Starting at the line that contains "Now add a can" and stopping at the line that contains "Ferraris are infamous", restate each line of the records below exactly. Omit the pictures.

SUPPLIED DATA:
**********

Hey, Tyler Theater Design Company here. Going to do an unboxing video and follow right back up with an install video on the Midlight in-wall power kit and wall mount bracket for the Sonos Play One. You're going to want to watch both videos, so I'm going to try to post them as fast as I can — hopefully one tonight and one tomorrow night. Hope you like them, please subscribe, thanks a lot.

**********

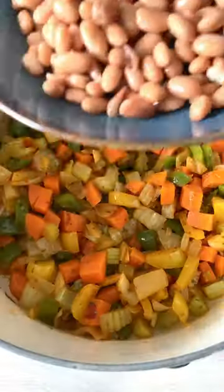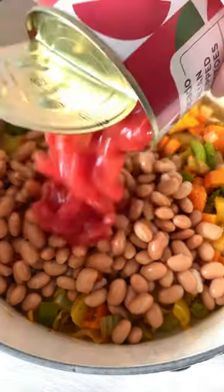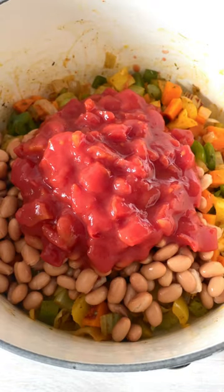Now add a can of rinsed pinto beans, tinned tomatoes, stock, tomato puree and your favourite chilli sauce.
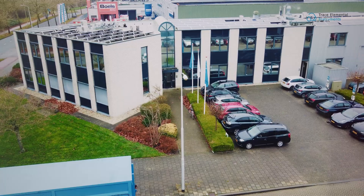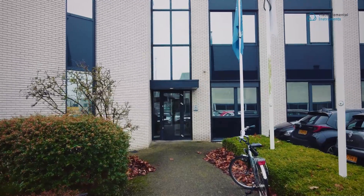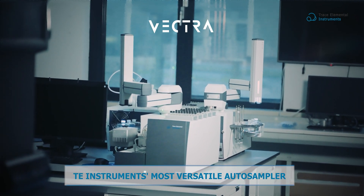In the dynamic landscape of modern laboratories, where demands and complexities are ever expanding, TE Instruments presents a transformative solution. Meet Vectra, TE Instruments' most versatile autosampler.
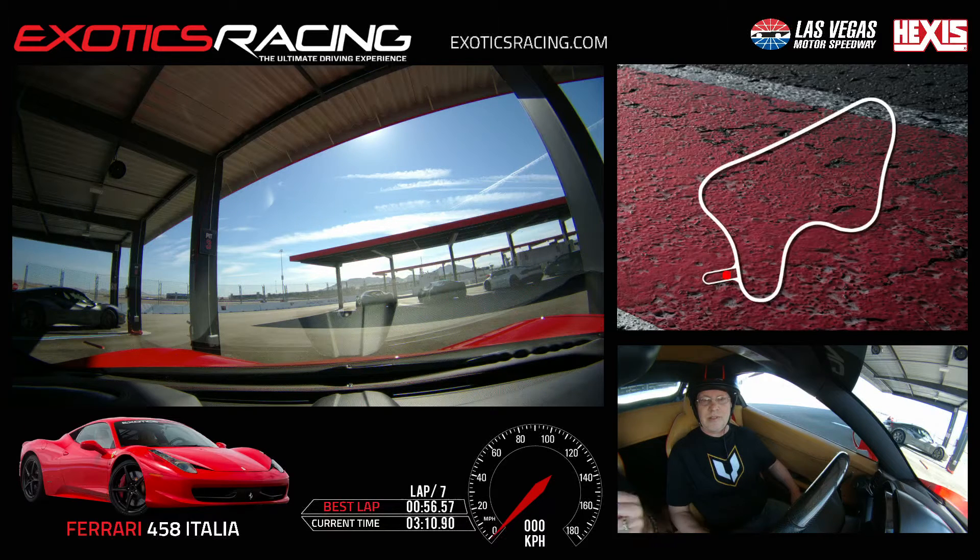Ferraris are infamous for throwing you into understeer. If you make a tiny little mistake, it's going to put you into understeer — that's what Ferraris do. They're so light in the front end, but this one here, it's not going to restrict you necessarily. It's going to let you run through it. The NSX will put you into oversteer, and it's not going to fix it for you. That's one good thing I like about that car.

**********

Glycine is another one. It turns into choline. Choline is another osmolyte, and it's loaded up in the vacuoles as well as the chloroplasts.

**********

EXERCISE RESULT:
Now add a can of rinsed pinto beans, tinned tomatoes, stock, tomato puree and your favourite chilli sauce.
In the dynamic landscape of modern laboratories, where demands and complexities are ever expanding, TE Instruments presents a transformative solution. Meet Vectra, TE Instruments' most versatile autosampler.
Ferraris are infamous for throwing you into understeer. If you make a tiny little mistake, it's going to put you into understeer — that's what Ferraris do. They're so light in the front end, but this one here, it's not going to restrict you necessarily. It's going to let you run through it. The NSX will put you into oversteer, and it's not going to fix it for you. That's one good thing I like about that car.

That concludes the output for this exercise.